REICH WILHELM (1897-1957)
L'engagement politique
L' engagement politique de Reich est inséparable de ses conceptions psychanalytiques. Convaincu que les problèmes et souffrances psychologiques sont la conséquence des conditions sociales, il jette dès 1929 dans Matérialisme dialectique, matérialisme historique et psychanalyse les bases d'une théorie qui allie Freud et Marx. Il visite cette même année la Russie en compagnie de sa femme Annie. Il en revient enchanté et loue le régime en place, avant de le condamner plus tard. Il milite alors activement au sein du Parti communiste allemand, une expérience amère qu'il relate dans Les Hommes dans l'État. En 1930, il quitte Vienne pour Berlin où il poursuit son activisme politique, créant la Société socialiste d'information et de recherche sexuelles. Il est également à l'origine de la fondation de l'Association allemande pour une politique sexuelle prolétarienne, plus connue sous le nom de Sexpol, qui comptera jusqu'à 40 000 adhérents. L'objectif de cette association soutenue par le Parti communiste consiste à lutter contre le capitalisme dont la morale est source de la misère sexuelle.
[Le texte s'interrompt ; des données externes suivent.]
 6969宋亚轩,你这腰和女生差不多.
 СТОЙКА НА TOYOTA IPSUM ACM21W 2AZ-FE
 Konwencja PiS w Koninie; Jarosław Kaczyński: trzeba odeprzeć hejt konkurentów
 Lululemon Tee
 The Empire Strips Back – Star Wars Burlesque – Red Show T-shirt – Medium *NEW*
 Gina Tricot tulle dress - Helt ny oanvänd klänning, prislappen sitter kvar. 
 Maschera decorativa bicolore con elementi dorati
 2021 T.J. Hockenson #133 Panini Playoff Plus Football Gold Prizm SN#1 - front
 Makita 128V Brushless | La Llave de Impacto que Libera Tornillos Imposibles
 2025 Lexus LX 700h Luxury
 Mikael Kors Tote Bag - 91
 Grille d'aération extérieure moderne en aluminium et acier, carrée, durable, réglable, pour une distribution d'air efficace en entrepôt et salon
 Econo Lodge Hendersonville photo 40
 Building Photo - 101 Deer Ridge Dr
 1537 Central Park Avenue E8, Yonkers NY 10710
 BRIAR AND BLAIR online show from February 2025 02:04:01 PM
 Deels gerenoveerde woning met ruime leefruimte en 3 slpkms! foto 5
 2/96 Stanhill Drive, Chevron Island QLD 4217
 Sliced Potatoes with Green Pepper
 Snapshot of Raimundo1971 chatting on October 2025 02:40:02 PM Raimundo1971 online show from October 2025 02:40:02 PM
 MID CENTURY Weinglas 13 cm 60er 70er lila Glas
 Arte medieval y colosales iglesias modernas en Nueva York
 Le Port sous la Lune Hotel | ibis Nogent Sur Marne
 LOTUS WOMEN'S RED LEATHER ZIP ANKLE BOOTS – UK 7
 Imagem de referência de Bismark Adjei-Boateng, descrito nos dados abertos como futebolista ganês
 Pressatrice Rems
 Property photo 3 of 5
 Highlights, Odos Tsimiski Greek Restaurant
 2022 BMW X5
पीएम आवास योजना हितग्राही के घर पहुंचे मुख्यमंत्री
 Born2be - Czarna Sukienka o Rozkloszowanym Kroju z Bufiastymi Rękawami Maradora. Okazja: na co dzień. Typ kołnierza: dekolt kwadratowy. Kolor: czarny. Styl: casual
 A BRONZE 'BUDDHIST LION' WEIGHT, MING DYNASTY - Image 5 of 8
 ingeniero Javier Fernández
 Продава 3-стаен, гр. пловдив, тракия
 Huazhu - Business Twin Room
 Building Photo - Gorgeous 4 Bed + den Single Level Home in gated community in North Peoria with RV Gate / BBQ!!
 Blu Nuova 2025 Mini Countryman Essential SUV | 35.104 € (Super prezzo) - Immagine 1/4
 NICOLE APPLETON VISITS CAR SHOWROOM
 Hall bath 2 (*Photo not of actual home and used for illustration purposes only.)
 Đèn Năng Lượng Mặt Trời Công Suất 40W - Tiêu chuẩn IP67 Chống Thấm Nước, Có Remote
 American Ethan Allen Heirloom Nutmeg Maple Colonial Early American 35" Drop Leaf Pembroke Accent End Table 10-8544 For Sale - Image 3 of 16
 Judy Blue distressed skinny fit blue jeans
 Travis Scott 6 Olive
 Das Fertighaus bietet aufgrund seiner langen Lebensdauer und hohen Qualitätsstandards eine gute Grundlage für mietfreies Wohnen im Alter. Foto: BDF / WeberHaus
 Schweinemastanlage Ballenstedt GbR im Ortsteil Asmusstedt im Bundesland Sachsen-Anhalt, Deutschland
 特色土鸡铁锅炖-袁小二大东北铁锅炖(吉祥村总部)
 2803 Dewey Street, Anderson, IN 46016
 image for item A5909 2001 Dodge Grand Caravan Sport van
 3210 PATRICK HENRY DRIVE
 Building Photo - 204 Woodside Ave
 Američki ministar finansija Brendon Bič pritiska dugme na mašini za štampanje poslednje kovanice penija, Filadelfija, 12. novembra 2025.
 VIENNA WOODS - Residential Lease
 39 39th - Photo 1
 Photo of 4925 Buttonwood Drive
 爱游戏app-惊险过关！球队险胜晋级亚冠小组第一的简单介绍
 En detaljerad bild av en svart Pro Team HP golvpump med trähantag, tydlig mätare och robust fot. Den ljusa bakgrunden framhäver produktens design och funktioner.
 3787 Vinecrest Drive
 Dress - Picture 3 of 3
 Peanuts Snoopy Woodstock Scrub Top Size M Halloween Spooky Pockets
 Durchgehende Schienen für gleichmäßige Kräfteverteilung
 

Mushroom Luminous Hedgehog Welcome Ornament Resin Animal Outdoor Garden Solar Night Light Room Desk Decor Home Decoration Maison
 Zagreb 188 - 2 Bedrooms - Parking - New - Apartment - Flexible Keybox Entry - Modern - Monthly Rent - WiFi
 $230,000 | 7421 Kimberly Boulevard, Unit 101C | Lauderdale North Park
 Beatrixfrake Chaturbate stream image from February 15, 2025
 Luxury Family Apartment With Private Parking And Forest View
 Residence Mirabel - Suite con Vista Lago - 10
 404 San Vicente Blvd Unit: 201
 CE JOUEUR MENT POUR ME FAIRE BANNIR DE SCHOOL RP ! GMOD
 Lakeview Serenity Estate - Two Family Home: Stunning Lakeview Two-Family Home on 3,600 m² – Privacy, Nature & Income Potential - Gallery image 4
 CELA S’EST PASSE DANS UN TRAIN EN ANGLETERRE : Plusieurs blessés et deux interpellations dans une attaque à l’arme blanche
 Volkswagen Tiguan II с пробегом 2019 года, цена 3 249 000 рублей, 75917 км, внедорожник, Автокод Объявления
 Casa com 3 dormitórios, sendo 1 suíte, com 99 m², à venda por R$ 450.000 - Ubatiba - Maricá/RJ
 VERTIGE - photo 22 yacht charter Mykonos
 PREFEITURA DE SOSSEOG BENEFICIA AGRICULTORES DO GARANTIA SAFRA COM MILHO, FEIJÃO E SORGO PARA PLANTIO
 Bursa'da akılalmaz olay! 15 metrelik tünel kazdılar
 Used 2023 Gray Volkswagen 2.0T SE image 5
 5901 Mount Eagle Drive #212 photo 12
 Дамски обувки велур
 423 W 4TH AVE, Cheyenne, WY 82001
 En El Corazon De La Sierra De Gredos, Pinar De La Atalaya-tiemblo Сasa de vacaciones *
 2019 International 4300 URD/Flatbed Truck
Sa lecture des travaux de Malinowski sur la vie sexuelle des Trobriandais confirme sa thèse selon laquelle la famille occidentale patriarcale serait de nature coercitive, ainsi que son hypothèse de l'origine culturelle du complexe d'Œdipe. L'absence de désordres sexuels chez les Trobriandais le convainc que les psychoses, les névroses et les perversions sont dues au refoulement de la sexualité génitale. Plusieurs de ses ouvrages, en particulier La Lutte sexuelle des jeunes et L'Irruption de la morale sexuelle parus tous deux en 1932, ont pour objectif de proposer des outils prophylactiques afin de lutter contre l'apparition des névroses. Il reproche bientôt au Parti communiste de ne pas prendre en compte la nécessité d'une révolution sexuelle, ce qui conduira à son exclusion en 1933. Un an plus tard, en raison probablement autant de ses conceptions psychologiques que de ses engagements politiques, il n'est plus membre de l'Association psychanalytique internationale (I.P.A.). Certains historiens assurent qu'il en fut exclu, d'autres au contraire affirment qu'il coupa lui-même les ponts avec le mouvement psychanalytique.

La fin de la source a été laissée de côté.